[DATA SHOWN]
--------------------

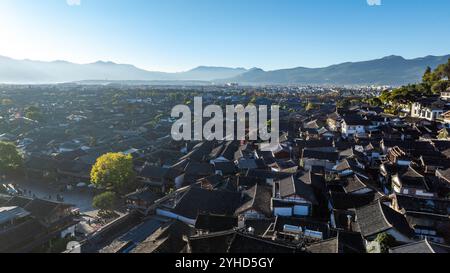 (241111) -- LIJIANG, 11 novembre 2024 (Xinhua) -- une photo de drone aérien prise le 11 novembre 2024 montre le paysage de la ville antique de Lijiang au lever du soleil dans la province du Yunnan, au sud-ouest de la Chine. Dans le but de construire une ville touristique de renommée mondiale, Lijiang a amélioré le service dans ses sites pittoresques tels que la ville antique de Lijiang et la montagne enneigée de Yulong, dans un effort pour promouvoir le développement de haute qualité de son marché du tourisme culturel. Selon les statistiques, la ville a reçu 68,663 millions de touristes au cours des trois premiers trimestres de 2024, une augmentation de 20,71 pour cent en glissement annuel. (Xinhua/ Banque D'Images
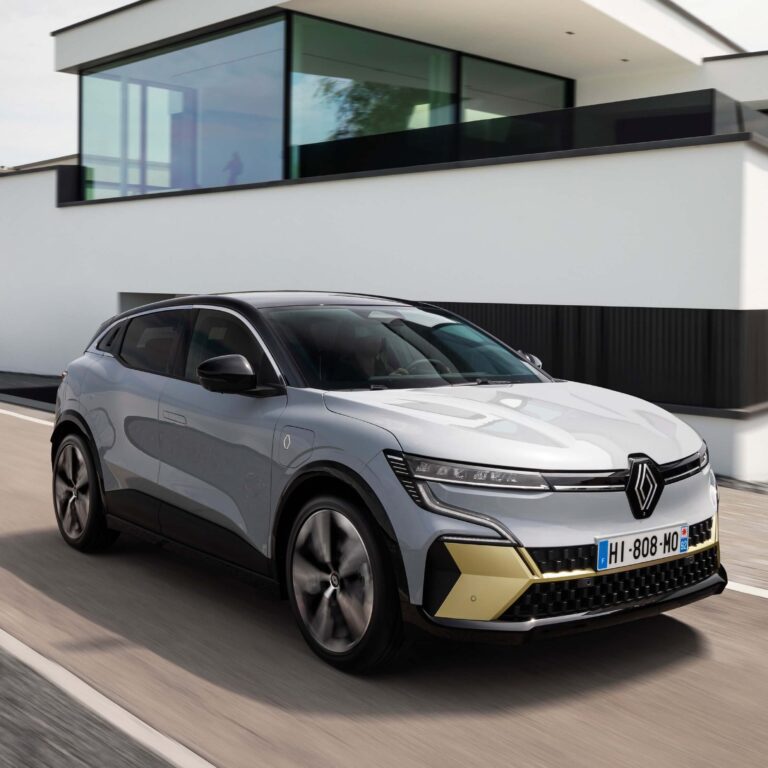 Renault announces larger electric SUV for 2022 Paris Motor Show debut
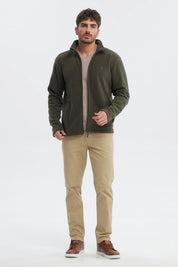 Polar verde liso para hombre con cierre frontal completo y cuello alto ideal para el invierno sin estampa visible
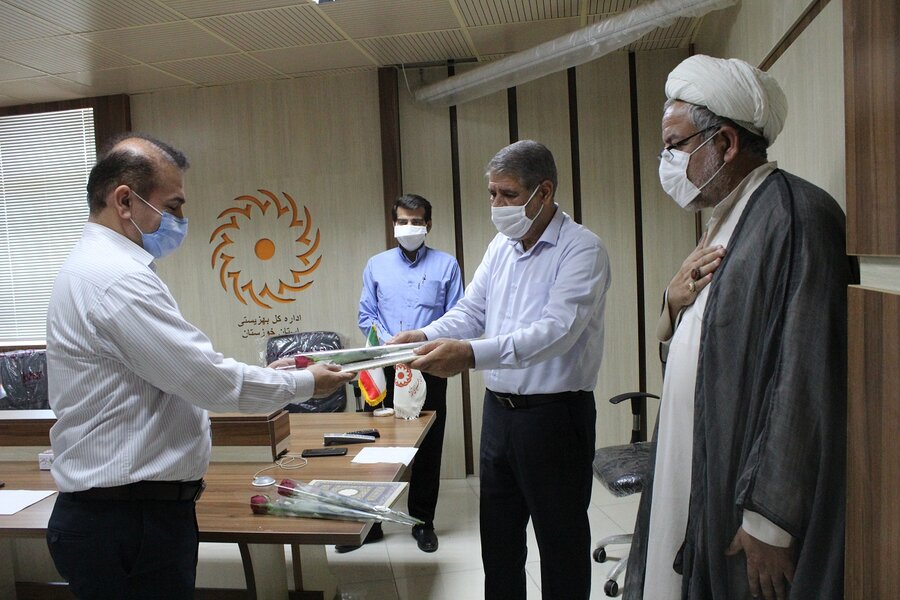 گزارش تصویری|سادات  شاغل در اداره کل بهزیستی خوزستان مورد تقدیر قرار گرفتند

--------------------

[PROBLEM DETAILS]
Restate the whole listing exactly as written, minus the pictures.

[THE ANSWER]
 (241111) -- LIJIANG, 11 novembre 2024 (Xinhua) -- une photo de drone aérien prise le 11 novembre 2024 montre le paysage de la ville antique de Lijiang au lever du soleil dans la province du Yunnan, au sud-ouest de la Chine. Dans le but de construire une ville touristique de renommée mondiale, Lijiang a amélioré le service dans ses sites pittoresques tels que la ville antique de Lijiang et la montagne enneigée de Yulong, dans un effort pour promouvoir le développement de haute qualité de son marché du tourisme culturel. Selon les statistiques, la ville a reçu 68,663 millions de touristes au cours des trois premiers trimestres de 2024, une augmentation de 20,71 pour cent en glissement annuel. (Xinhua/ Banque D'Images
 Renault announces larger electric SUV for 2022 Paris Motor Show debut
 Polar verde liso para hombre con cierre frontal completo y cuello alto ideal para el invierno sin estampa visible
 گزارش تصویری|سادات  شاغل در اداره کل بهزیستی خوزستان مورد تقدیر قرار گرفتند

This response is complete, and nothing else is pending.